┌─ GIVEN ENTRIES

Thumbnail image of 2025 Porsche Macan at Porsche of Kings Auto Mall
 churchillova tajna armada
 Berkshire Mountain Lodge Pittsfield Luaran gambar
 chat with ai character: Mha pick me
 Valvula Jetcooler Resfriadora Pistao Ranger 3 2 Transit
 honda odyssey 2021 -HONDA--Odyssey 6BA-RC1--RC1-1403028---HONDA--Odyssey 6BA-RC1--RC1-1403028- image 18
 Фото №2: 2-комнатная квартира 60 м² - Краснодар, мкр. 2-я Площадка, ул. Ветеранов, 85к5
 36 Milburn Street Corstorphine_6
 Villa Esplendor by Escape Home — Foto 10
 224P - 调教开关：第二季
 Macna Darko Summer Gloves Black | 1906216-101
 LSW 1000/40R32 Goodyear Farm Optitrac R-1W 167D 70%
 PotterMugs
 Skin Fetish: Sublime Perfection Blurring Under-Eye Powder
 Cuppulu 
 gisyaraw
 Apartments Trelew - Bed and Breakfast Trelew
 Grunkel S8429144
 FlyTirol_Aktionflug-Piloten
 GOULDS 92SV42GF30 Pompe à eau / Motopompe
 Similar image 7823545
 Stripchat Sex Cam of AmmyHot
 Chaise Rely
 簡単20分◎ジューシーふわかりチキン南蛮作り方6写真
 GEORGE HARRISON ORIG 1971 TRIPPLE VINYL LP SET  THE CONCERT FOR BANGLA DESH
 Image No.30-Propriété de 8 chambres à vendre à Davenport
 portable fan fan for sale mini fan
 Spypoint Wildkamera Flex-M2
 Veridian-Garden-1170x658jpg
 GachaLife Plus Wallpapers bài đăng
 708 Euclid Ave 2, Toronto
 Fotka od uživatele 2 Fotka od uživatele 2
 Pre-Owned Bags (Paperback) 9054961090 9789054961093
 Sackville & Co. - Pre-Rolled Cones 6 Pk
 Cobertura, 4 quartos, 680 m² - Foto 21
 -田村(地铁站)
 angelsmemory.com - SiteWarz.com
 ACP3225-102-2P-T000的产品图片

└─

▶ **PROBLEM TO WORK ON**: In the records, find every line that has the string "Foto" and copy it.

▶ **RESULT OF THE EXERCISE**:
 Villa Esplendor by Escape Home — Foto 10
 Cobertura, 4 quartos, 680 m² - Foto 21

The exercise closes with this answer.